Nicholas Hoult é ótimo em nos fazer ver o conflito interno do personagem, mesmo quase não verbalizando isso. Cada debate no júri é visível em seu olhar que ele está lutando pela própria vida enquanto tenta convencer os demais de que a promotoria não provou a culpa do réu acima de uma dúvida razoável ao mesmo tempo em que tenta controlar a conversa para que ninguém pondere demais as evidências para chegar na real causa da morte da vítima. A fotografia recorre constantemente a uma iluminação parcial no rosto de Justin para evocar a divisão moral interna do personagem.

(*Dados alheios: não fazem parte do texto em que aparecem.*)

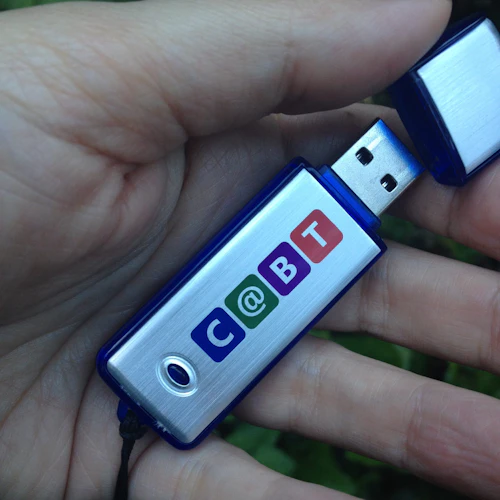 a CABT flash drive in a persons hand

Nas mãos de qualquer outro diretor o resultado seria um thriller de tribunal ao estilo John Grisham, cheio de guinadas e reviravoltas chocantes. Sob Eastwood, é uma contemplação sobre moralidade, culpa e qual o verdadeiro significado de justiça. Justin claramente se incomoda com a possiblidade de condenar um inocente, mas quanto mais ele investiga as possibilidades do que aconteceria se ele fosse descoberto e os debates se acirram com alguns jurados se mostrando inflexíveis em sua opinião sobre a culpa do réu, mais Justin começa a racionalizar a possibilidade de condenar um inocente, ponderando a respeito de onde estaria a injustiça de deixar a esposa e filha recém nascidas sofrerem com sua prisão. Claro, tudo isso é o personagem tentando tirar de si o peso da culpa pela possível injustiça que ele irá cometer.
O filme ilustra de maneira muito clara esse sentimento de culpa na cena em que ele coloca a filha no berço e ouve o som de sirenes da polícia. A música se torna tensa e Justin caminha até a janela, como se temesse que as sirenes fossem para ele. É um momento que revela como Justin provavelmente nunca terá paz por mais que tente justificar a si mesmo que há algum grau de correção moral no que fez.
Justiça e poder
Justin não é o único personagem com um conflito moral interno. A promotora Faith (Toni Colette) também está analisando o próprio senso de moralidade enquanto navega pelo caso. Em meio a uma campanha de reeleição para o cargo de promotora, ela é pressionada para conseguir uma condenação rápida no caso que se tornou público na cidade. Conforme as deliberações do júri se estendem mais do que o esperado, porém, e ouvindo alguns dos jurados, como ex-policial Harold (J.K Simmons), Faith começa a questionar se está realmente sendo justa com o réu que está acusando.
O caminho dela é quase o inverso de Justin. Se o primeiro vai abrindo mão do próprio senso de moralidade para fazer o que é mais conveniente para si, a promotora aos poucos deixa de pensar na ação que vai lhe trazer mais ganhos políticos e começa a pensar no que seria mais correto a se fazer, ou seja, investigar o caso mais a fundo para encontrar o real culpado e não arriscar condenar um inocente. O arco da promotora também ilustra alguns problemas inerentes no sistema de justiça do país, já que por ser um cargo eletivo e não técnico uma promotora de justiça precisa se preocupar se seus resultados serão vistos como positivos pelo público e irão ajudar a se manter no cargo ao invés de apenas se preocupar se está servindo a lei e a justiça de maneira correta.
A produção tem maturidade o
bastante para não dar respostas fáceis às questões éticas complexas que posa
deixando o final em aberto, de modo que o destino e as escolhas definitivas de
Justin e Faith fiquem à cargo do público. É como se Eastwood mirasse as lentes
de sua câmera de volta para o espectador e solicitasse que ele investigasse o
próprio senso de moralidade diante de uma situação como aquela. Aos 94 anos
Clint Eastwood não parece interessado em nos dizer o que é certo ou errado,
justo ou injusto, ele prefere nos provocar a pensar em nossa própria moralidade
e se nossas ações são feitas levando em conta aquilo que mais correto ou aquilo
que é melhor para nós individualmente.